La première Chambre civile rend un arrêt destiné à publication au Bulletin et qui porte sur une question toujours sensible, qui est celle de la représentation des sociétés. En l’occurrence, un bail commercial avait été signé par une société civile immobilière (SCI), et elle réclamait à la société locataire le paiement d’un arriéré de loyers et de taxes. La locataire ripostait en plaidant la nullité du bail pour défaut de capacité de la SCI.

 C’est que le bail avait été signé le 1er juin 2008 par la SCI représentée par son gérant M. Jacques X…, alors que celui-ci était… décédé le 29 juin 2006.

 Par quel miracle avait-il réussi, par-delà la tombe, à signer un contrat au nom de la SCI ?
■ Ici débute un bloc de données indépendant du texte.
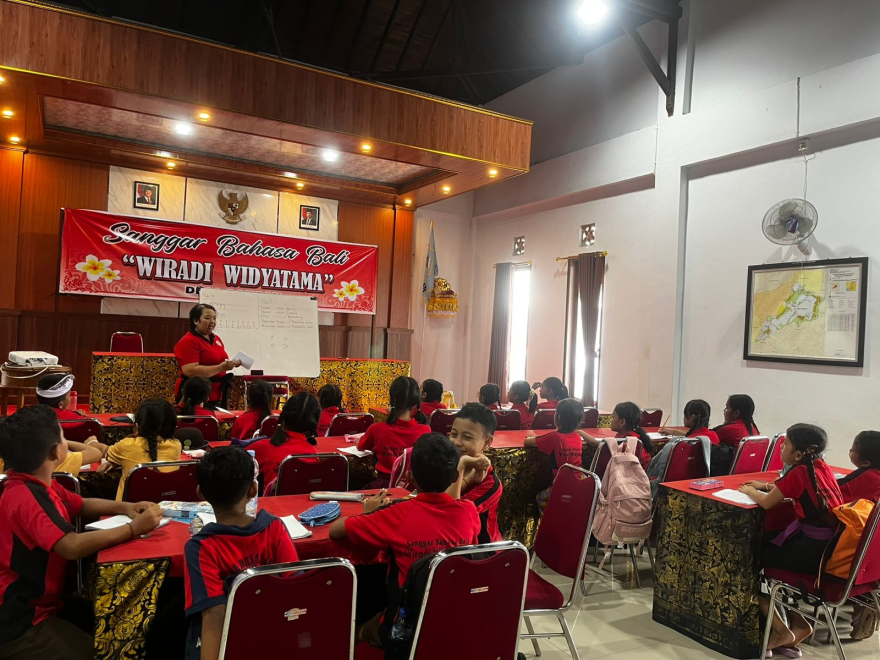 Semangat Tak Pernah Padam, Anak-Anak Antusias Ikuti Kegiatan Sanggar Bahasa Bali Wiryadi Widyatama di Desa Bongan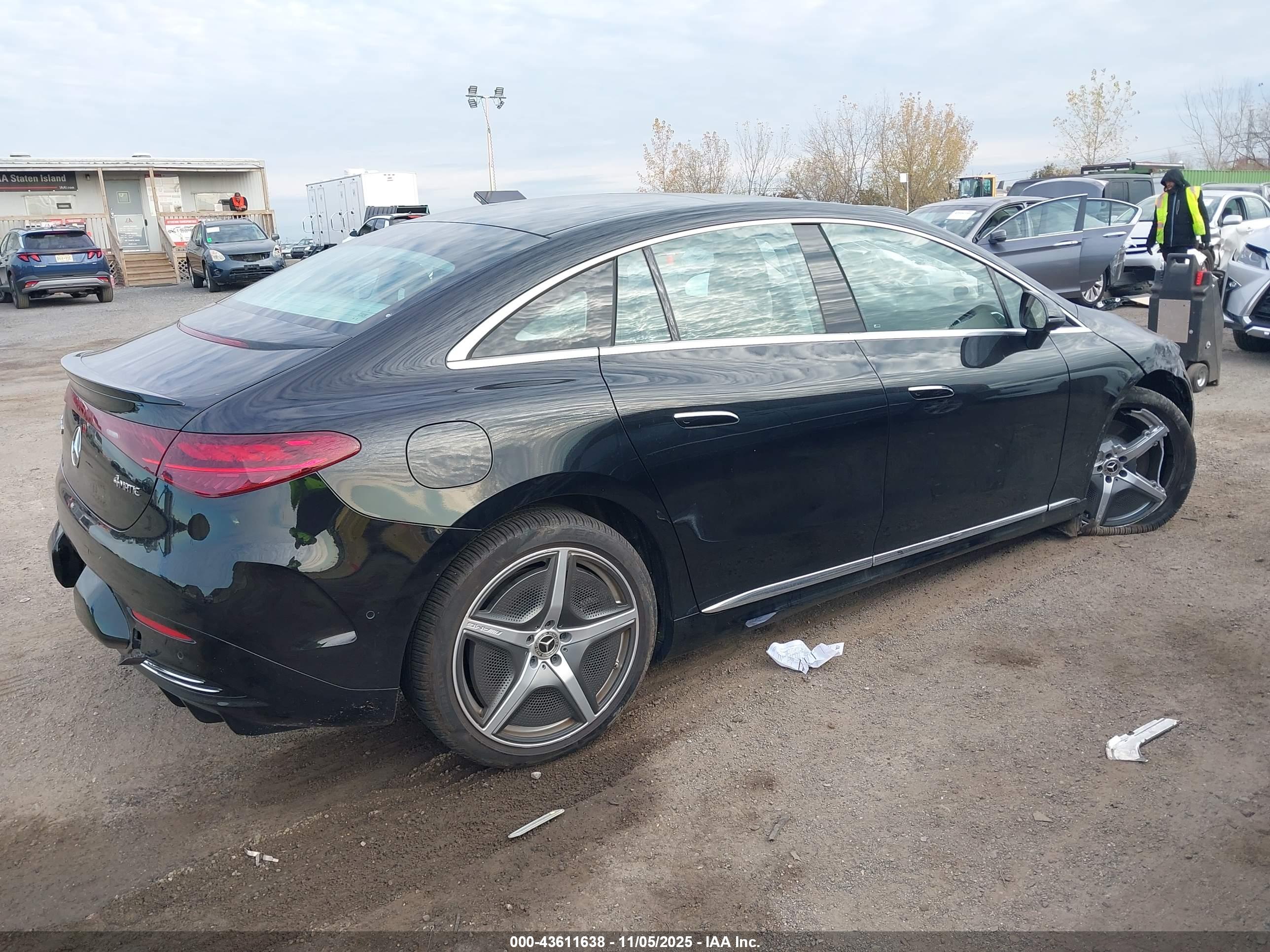MERCEDES-BENZ EQE image 4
 L’explication est a priori simple : les statuts de la SCI stipulaient qu’elle avait deux associés, dont M. Jacques X…, et que celui-ci était nommé gérant pour une durée illimitée. C’était donc pour l’éternité qu’il était habilité à représenter la société: après le gérant vivant et le gérant mort, le gérant mort-vivant!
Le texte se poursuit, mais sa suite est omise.